Short text fragments from websites:
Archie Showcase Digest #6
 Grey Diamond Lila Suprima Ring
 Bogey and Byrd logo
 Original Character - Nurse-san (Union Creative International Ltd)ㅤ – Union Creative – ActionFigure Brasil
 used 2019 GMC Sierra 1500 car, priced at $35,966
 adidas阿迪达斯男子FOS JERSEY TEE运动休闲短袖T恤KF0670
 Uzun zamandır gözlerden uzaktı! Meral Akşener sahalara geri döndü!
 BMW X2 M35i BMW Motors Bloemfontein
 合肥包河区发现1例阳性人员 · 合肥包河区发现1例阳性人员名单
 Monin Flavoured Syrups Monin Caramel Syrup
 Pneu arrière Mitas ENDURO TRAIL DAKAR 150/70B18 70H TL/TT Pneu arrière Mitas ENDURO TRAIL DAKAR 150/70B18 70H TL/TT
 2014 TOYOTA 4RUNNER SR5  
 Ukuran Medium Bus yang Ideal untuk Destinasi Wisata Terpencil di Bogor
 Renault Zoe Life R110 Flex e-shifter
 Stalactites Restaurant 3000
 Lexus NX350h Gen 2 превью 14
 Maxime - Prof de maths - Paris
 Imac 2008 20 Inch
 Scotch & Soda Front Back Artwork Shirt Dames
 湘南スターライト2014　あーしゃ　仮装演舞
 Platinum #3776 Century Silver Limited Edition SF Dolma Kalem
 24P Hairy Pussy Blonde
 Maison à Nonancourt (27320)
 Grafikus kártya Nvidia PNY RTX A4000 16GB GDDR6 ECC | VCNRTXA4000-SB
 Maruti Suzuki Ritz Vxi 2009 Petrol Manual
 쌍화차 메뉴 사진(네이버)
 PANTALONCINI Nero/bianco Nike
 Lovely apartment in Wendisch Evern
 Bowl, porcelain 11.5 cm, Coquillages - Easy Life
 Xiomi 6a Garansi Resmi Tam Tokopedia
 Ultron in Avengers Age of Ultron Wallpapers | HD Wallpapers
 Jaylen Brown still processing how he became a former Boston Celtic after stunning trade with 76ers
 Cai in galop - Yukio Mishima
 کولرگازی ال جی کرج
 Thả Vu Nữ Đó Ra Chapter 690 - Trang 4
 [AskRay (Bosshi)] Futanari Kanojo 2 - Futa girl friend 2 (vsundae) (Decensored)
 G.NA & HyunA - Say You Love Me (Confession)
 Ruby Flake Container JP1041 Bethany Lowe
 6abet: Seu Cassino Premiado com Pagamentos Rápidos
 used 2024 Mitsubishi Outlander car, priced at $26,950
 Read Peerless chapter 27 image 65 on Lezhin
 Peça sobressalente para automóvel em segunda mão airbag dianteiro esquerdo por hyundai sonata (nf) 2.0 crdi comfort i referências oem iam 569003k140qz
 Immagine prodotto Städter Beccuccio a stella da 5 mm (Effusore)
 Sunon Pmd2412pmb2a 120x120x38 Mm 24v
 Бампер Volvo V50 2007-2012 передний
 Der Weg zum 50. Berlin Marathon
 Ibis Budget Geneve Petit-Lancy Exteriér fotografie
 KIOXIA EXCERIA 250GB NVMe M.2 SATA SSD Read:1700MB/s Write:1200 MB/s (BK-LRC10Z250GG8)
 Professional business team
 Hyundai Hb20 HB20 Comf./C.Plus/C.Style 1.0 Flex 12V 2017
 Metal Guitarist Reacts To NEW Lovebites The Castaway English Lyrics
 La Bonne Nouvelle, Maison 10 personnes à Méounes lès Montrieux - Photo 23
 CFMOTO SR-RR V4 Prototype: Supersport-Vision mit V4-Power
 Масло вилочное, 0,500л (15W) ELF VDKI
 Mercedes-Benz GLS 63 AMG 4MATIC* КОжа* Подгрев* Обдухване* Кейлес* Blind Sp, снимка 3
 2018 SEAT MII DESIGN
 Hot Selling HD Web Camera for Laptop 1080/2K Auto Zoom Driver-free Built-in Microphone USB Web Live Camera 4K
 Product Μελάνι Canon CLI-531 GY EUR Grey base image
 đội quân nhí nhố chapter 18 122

§ TASK TO COMPLETE
Word for word, repeat the data from its first line through the line with "湘南スターライト2014　あーしゃ　仮装演舞", including both of those lines and no others.

§ RESULT FOR THIS TASK
Archie Showcase Digest #6
 Grey Diamond Lila Suprima Ring
 Bogey and Byrd logo
 Original Character - Nurse-san (Union Creative International Ltd)ㅤ – Union Creative – ActionFigure Brasil
 used 2019 GMC Sierra 1500 car, priced at $35,966
 adidas阿迪达斯男子FOS JERSEY TEE运动休闲短袖T恤KF0670
 Uzun zamandır gözlerden uzaktı! Meral Akşener sahalara geri döndü!
 BMW X2 M35i BMW Motors Bloemfontein
 合肥包河区发现1例阳性人员 · 合肥包河区发现1例阳性人员名单
 Monin Flavoured Syrups Monin Caramel Syrup
 Pneu arrière Mitas ENDURO TRAIL DAKAR 150/70B18 70H TL/TT Pneu arrière Mitas ENDURO TRAIL DAKAR 150/70B18 70H TL/TT
 2014 TOYOTA 4RUNNER SR5  
 Ukuran Medium Bus yang Ideal untuk Destinasi Wisata Terpencil di Bogor
 Renault Zoe Life R110 Flex e-shifter
 Stalactites Restaurant 3000
 Lexus NX350h Gen 2 превью 14
 Maxime - Prof de maths - Paris
 Imac 2008 20 Inch
 Scotch & Soda Front Back Artwork Shirt Dames
 湘南スターライト2014　あーしゃ　仮装演舞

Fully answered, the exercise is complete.